Between January and August 1943, the division had served under the LVI Panzer Corps, but was moved to the LV Army Corps in September.

=== Successive formations ===

==== Division Group 321 ====
After the dissolution of the 321st Infantry Division, its remnants on the Eastern Front were grouped into Division Group 321, which was subsequently assigned to the 110th Infantry Division, a formation that the previous 321st Infantry Division had already fought alongside earlier in the year 1943.

Division Group 321, which was formally assembled on 2 November 1943 (the day of the dissolution of the 321st Infantry Division), was destroyed in June 1944 while under command of Army Group Center, which was at that time suffering a decisive strategic defeat at Soviet hands (Operation Bagration).

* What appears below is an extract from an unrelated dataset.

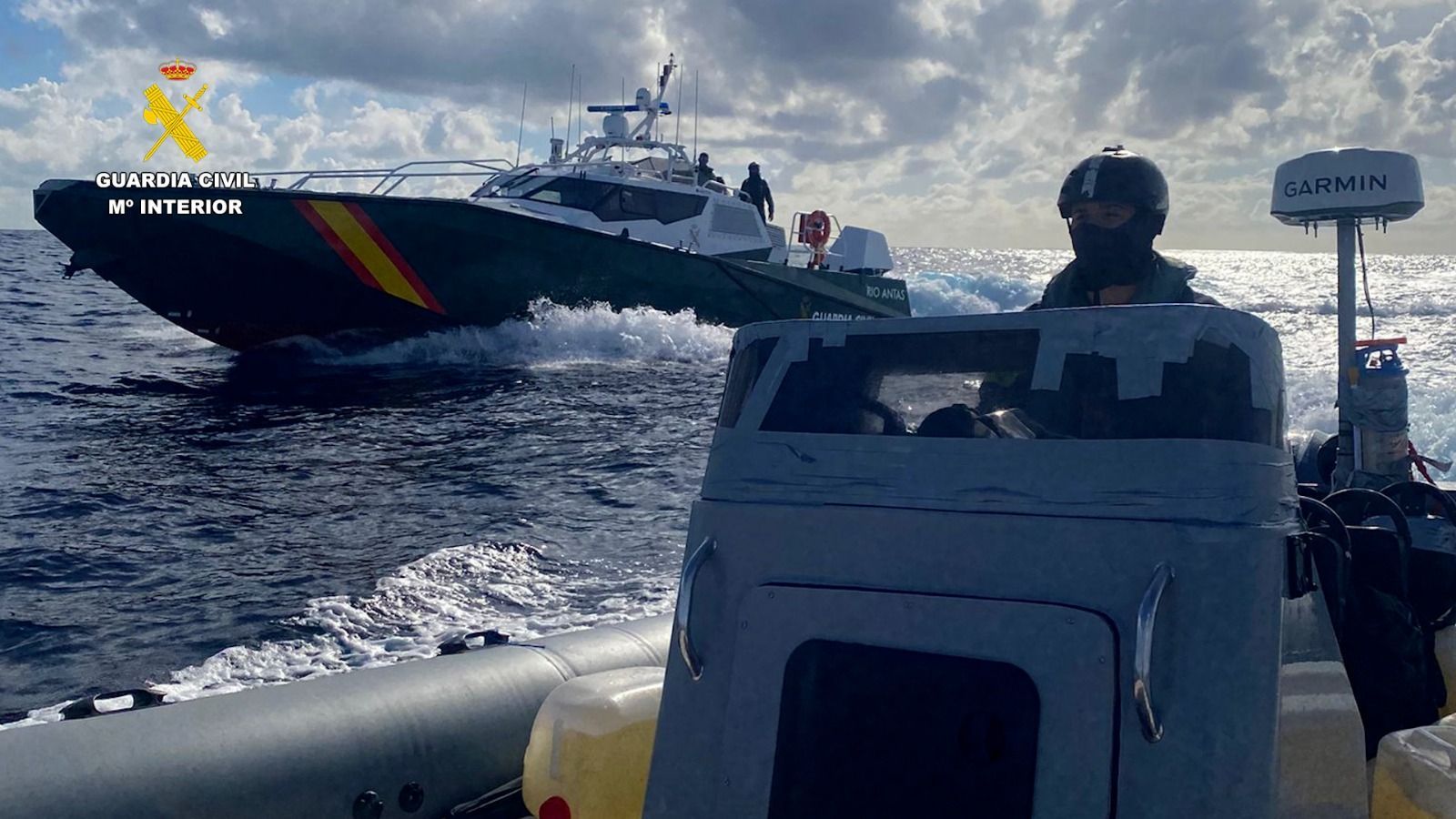 Dispositivo de la Guardia Civil contra las narcolanchas.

==== Battle Group Normandy (later: 352nd Infantry Division) ====

Instead of serving with Division Group 321, some veterans of the dissolved 321st Infantry Division were also transferred to the Saint-Lô sector in occupied France to assist in the formation of the 352nd Infantry Division, a division that would subsequently become famous as the force that defended Omaha Beach on 6 June 1944. On 12 October 1943, Kampfgruppe Normandie ('Battle Group Normandy') was formed from veterans of the 321st Infantry Division in preparation to the formation of the 352nd Infantry Division. The formation of the 352nd Infantry Division was ordered on 5 November 1943, and the newly formed division arrived in the Saint-Lô area in December.

== Organization ==

=== Superior formations ===

Superior formations of the 321st Infantry Division of the German Wehrmacht, 1940–1943
Year: Month; Army Corps; Army; Army Group; Area
1940: December; Still in deployment.; Wehrkreis XI
1941: January – April
May – December: XXXVII Army Corps; 15th Army; Army Group D; Boulogne-sur-Mer
1942: January – May
June – November: LXXXI Army Corps
December: Army Group reserves.
1943: January – August; LVI Panzer Corps; 4th Army; Army Group Center; Zhizdra
September – October: LV Army Corps; 9th Army; Bryansk

When the 321st Infantry Division was dissolved, its remnants became Division Group 321 and put under control of the 110th Infantry Division.

=== Subordinate formations ===
After deployment, the 321st Infantry Division consisted of the following parts:

- Infantry Regiment 588 (three battalions).
- Infantry Regiment 589 (three battalions).
- Infantry Regiment 590 (three battalions).
- Artillery Regiment 321 (three detachments).
- Division Units 321.

== Noteworthy individuals ==

- Ludwig Löweneck, divisional commander of the 321st Infantry Division (15 December 1940 – 16 November 1942).
- Wilhelm Thomas, divisional commander of the 321st Infantry Division (16 November 1942 – 28 July 1943).
- Ulrich Liss, divisional commander of the 321st Infantry Division (28 July 1943 – 22 August 1943).
- Karl Sievers, divisional commander of the 321st Infantry Division (22 August 1943 – 23 September 1943).
- Georg Zwade, divisional commander of the 321st Infantry Division (23 September 1943 – 2 November 1943).